Saturday, October 4, 2008

McClurg, Mesa Verde and the ‘Women's Park’



 

As a youngster, some of my most vivid memories are surrounded by a pinion- and juniper-tree backdrop and the strange abandoned cities on the green table drained by the Mancos River in southwestern Colorado.


In those days, the entire mummified remains of “Ester,” and various other ancient pueblo inhabitants, still were displayed openly in cases at the museum on the rim above Spruce Tree House in Mesa Verde National Park.

Mesa Verde was established by Congress on June 29, 1906, nearly 10 years before the National Park Service was created.

Virginia Donagh McClurg, of Colorado Springs, was instrumental in the effort to create the park, and her influence also had a profound effect on local history and the tourist industry in this area.

A former correspondent for the New York Graphic, McClurg became interested in preserving the Mesa Verde area from rampant pothunting as early as 1884 when she visited the mesa under a cavalry escort.

A decade later, “she enlisted the support of the Colorado Federation of Women’s Clubs, published articles and poems and wrote letters to people in high places, including Presidents William McKinley and Theodore Roosevelt,” according to “Mesa Verde: The First 100 Years.”

This book was edited by Rose Houk and Faith Marcovecchio with Duane Smith as historical consultant and published by Mesa Verde Museum Association and Fulcrum Publishing.

McClurg also began a lecturing widely (particularly on the Front Range) and even approached the Utes, via Chief Ignacio, in the hopes of leasing the area for her efforts to “let this be the woman’s park.”

McClurg founded the Colorado Cliff Dwelling Association in 1900 and continued to raise money in an effort to preserve the mesa.

“In 1906, with the conservationist Theodore Roosevelt as president, the political climate and public sentiment finally were ripe to achieve The Cliff Dwelling Association’s goals. Unfortunately, at this critical juncture, a large rift opened between the two most influential supporters. Virginia McClurg wanted a state park under control of the women’s group and withdrew her support for a national one at the last hour, while Lucy Peabody maintained her staunch support for a national park.”

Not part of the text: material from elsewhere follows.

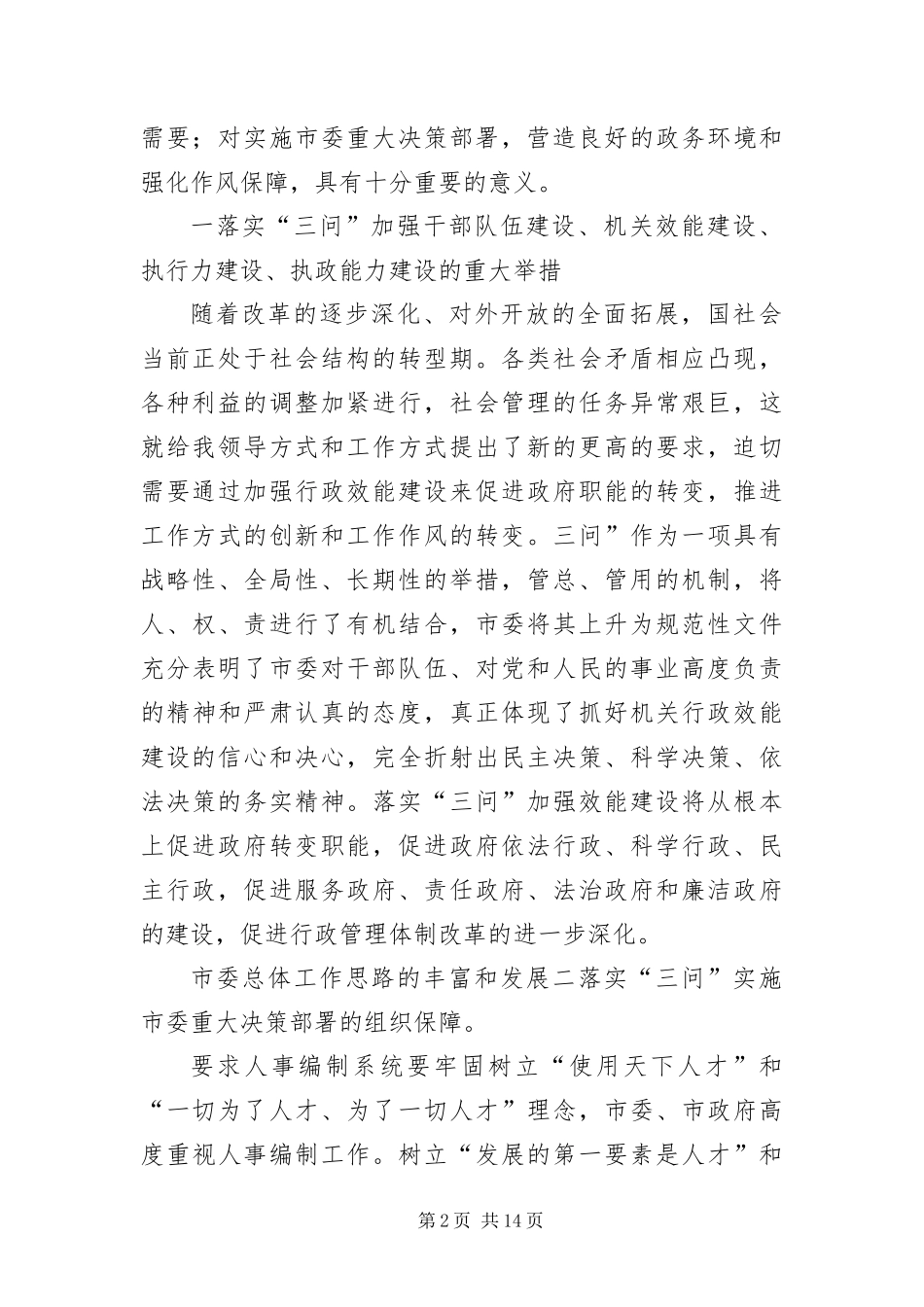 2024年主任在人事三问专题会讲话_第2页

Lucy Peabody, as a result, became known as the “Mother of Mesa Verde National Park.”

“When Lucy Peabody won the battle about state vs. federal oversight, Virginia McClurg went home and helped create Manitou Springs,” according to the book.

With stone from various different sites in the southwest corner of the state, a reproduction of a Mesa Verde cliff dwelling was created in Manitou Springs.

From new research, it appears the original ruins, at one time located near my hometown of Dolores, were loaded on rail cars and freighted on to Manitou Springs, where they were reassembled.  

But more about that later. The replica opened there at about the same time as the designation of Mesa Verde as a national park.